When Son is in deactivation mode he refuses to communicate, he doesn’t speak, he doesn’t make eye contact, he pretty much refuses to even acknowledge that you exist. Often he can be walking along – happy as anything and suddenly he falls (as if hit by a sniper) onto the ground and ‘Deactivates’.

Sometimes when he is in Deactivation Mode he is completely silent. Other times he cries and completely inconsolable – if you try to go anywhere near him to comfort him, he scoots away from you (many a time he has ended up under the bed where I can’t reach him). But he never has the full out screaming tantrums that you see on You Tube and most of the time Deactivation Mode occurs at home (I can only think of a handful of times where this has occurred in public). Still it doesn’t make it any easier to deal with.

My biggest problem is that because of this he is really difficult to disipline. With Daughter whenever she was out of line she was placed in time-out. Five minutes in the time-out corner and she was blubbering mess, voluntarily apologising and promising to never to it again (and for the most part she was good on that promise). But with Son, if you even try and place him in time-out he goes into Deactivation Mode (which you might think is great as effectively he puts himself in a time-out) but when the deactivation can go on for up to 2 hrs (yes that is right 2 hours!) I often end up apologising to him and comforting him because by that time we are half an hour late for dropping off Daughter at preschool!

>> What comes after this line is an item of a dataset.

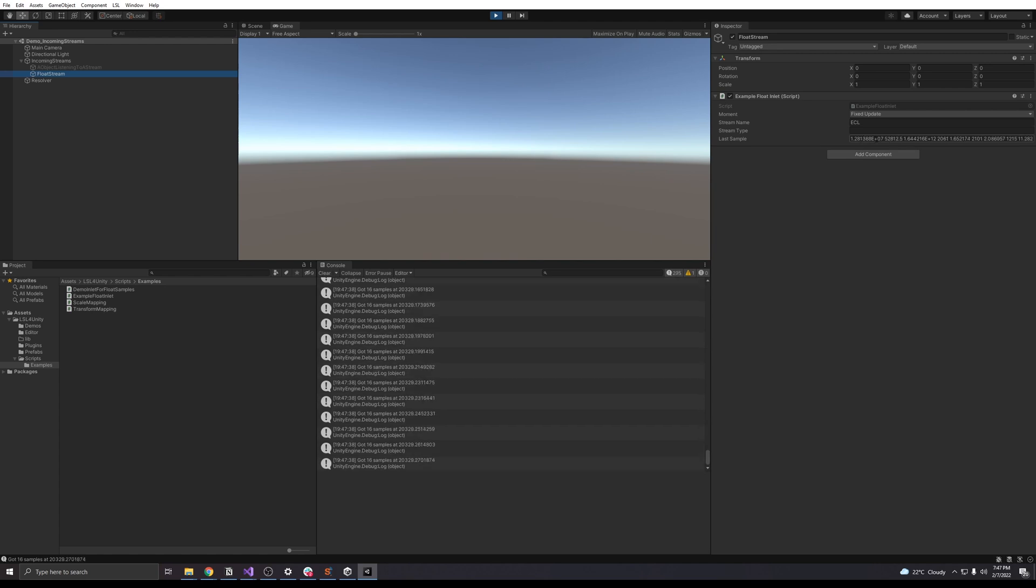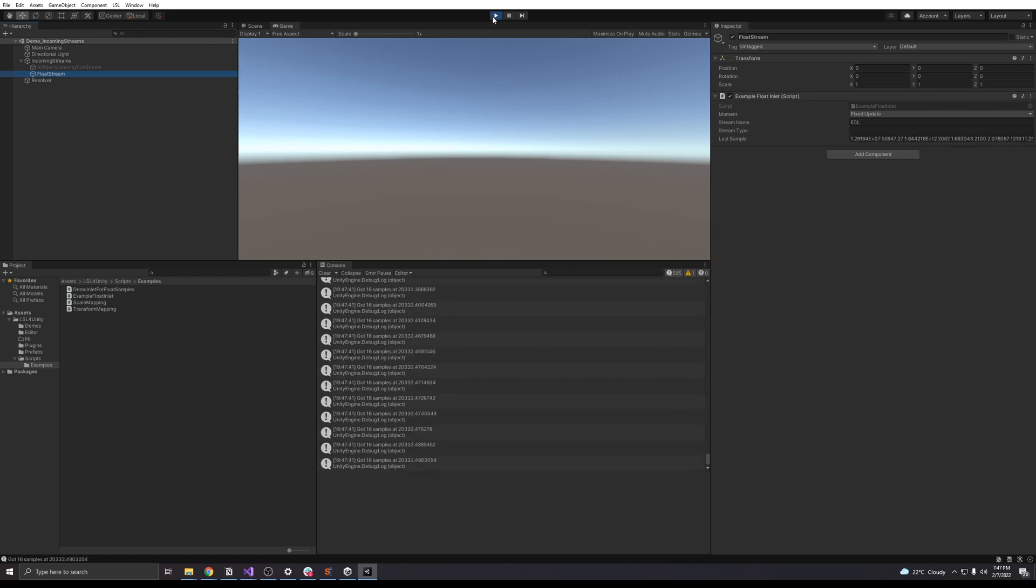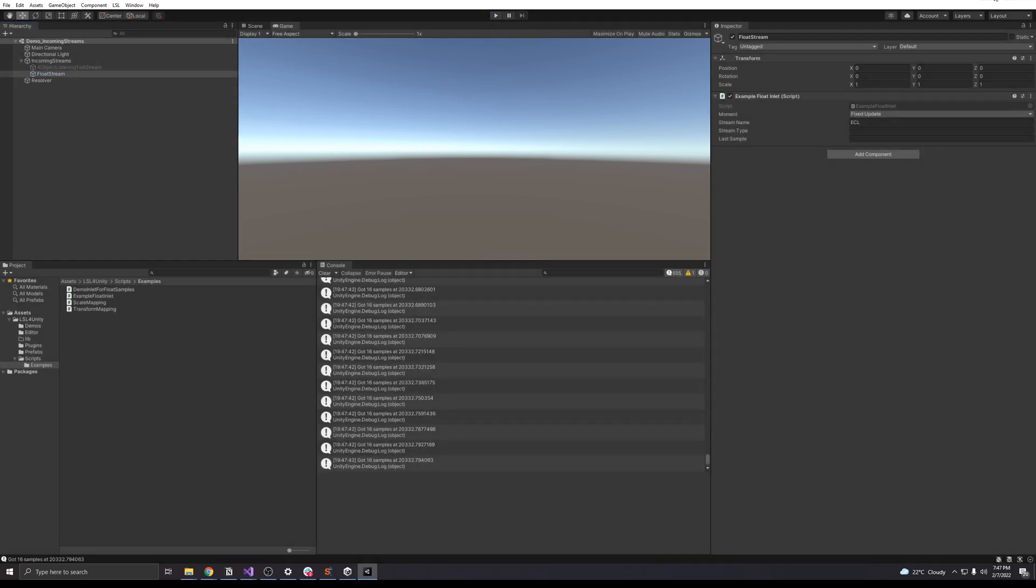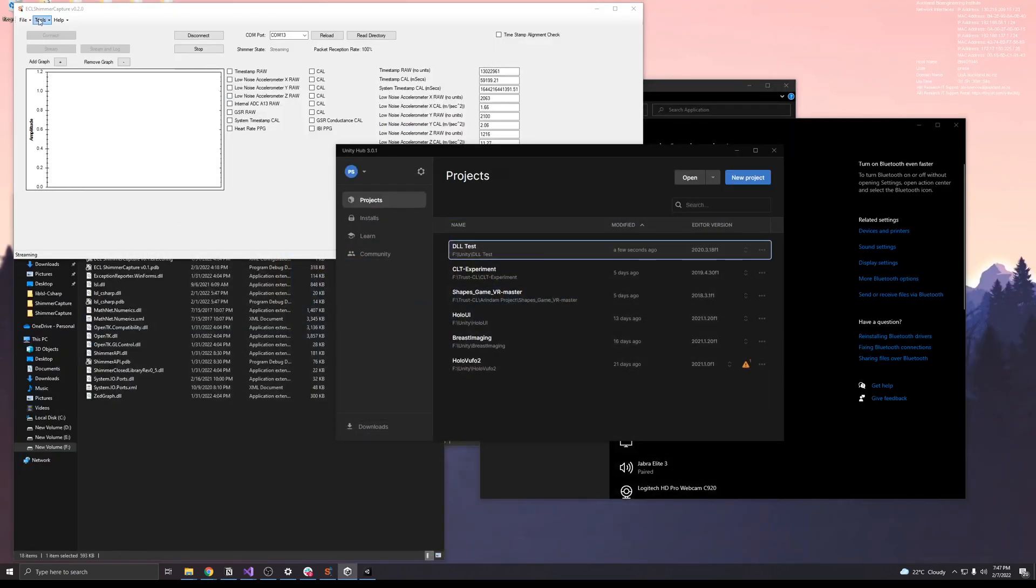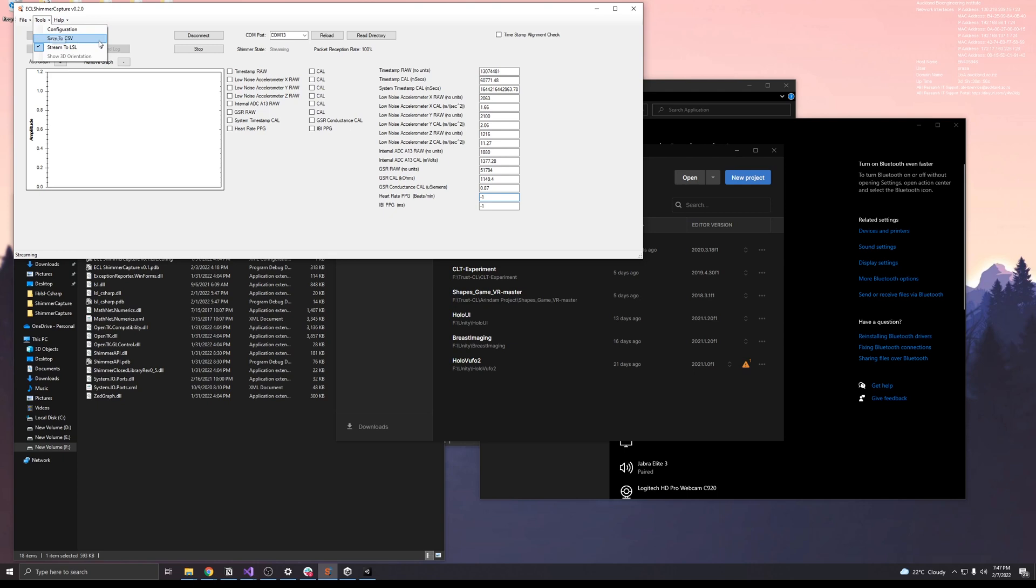You can see that the physiological data is being streamed. You can edit the parameters to the stream as needed.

Everything with Son is a negotiation, he just plain doesn’t cope with things not going his way. If he wants a piece of cheese before dinner but I say no, somehow he ends up with the piece of cheese sitting next to him on the table so he can eat it after dinner (he wins the small battle but I win the war). If I put on his undies only to find out that he wanted to do it – I take them back off and let him do it himself (is it really worth a 2 hr tantrum over who put his pants on?) I know I shouldn’t give in – but somedays it is just too difficult.

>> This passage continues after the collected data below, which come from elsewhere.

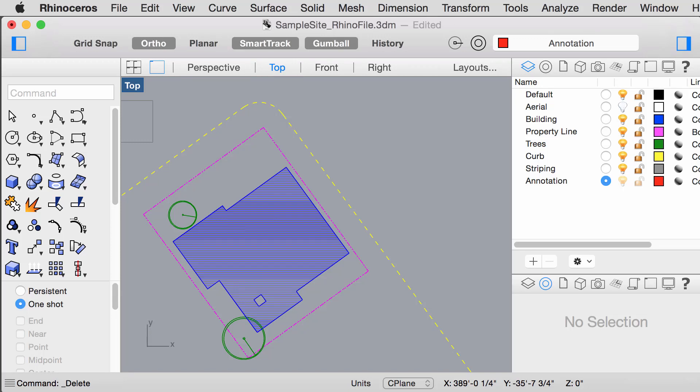Hello, today I'm going to show you how to annotate dimensions and add leaders to your drawing. Make sure that you're on the annotation layer.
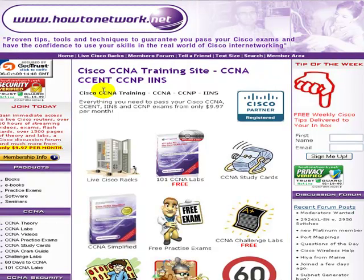Hi, it's Paul Brownling from HowToNetwork.net. This is a downloadable lab.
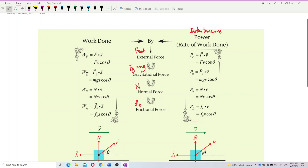For each of them, we have their own work done. Work done by external force uses the external force dot displacement, so it's F·s·cosθ. Work done by gravitational force uses the gravitational force dot displacement — the symbol is Wg — so it becomes Mg·s·cosθ. If work done by normal force, we use the normal force dot with displacement, so it's N·s·cosθ.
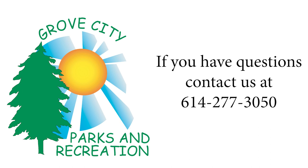If you have any questions, please contact Grove City Parks and Recreation at 614-277-3050.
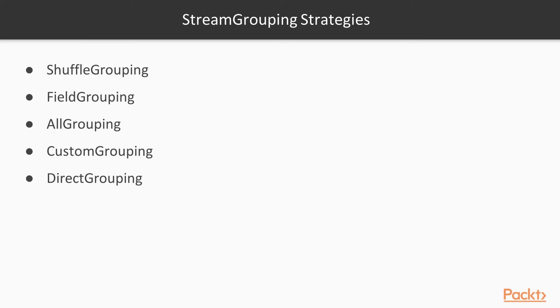So in this entire section 7 we will be discussing different grouping strategies that we offer in Apache Storm.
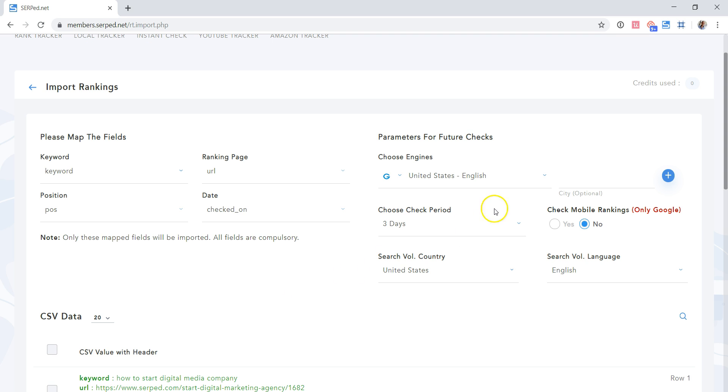Let's continue. On the right, you can choose parameters for future checks, in case the keywords are not already in rank tracker. If the keywords you are importing are already in rank tracker, these parameters here will not overwrite existing ones.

So, why am I telling you this? Well, I am wondering if this is normal for a two year old to be so stubborn, or do I need to go and get an appointment to see a behaviour specialist?

Would love to hear from you – maybe you could tell me stories of your toddlers chucking tantrums – it might just make me feel a bit better!

Jody Moller

[By the way – Son is now placing a plastic container over my head and telling me I am a robot – I guess I better go!]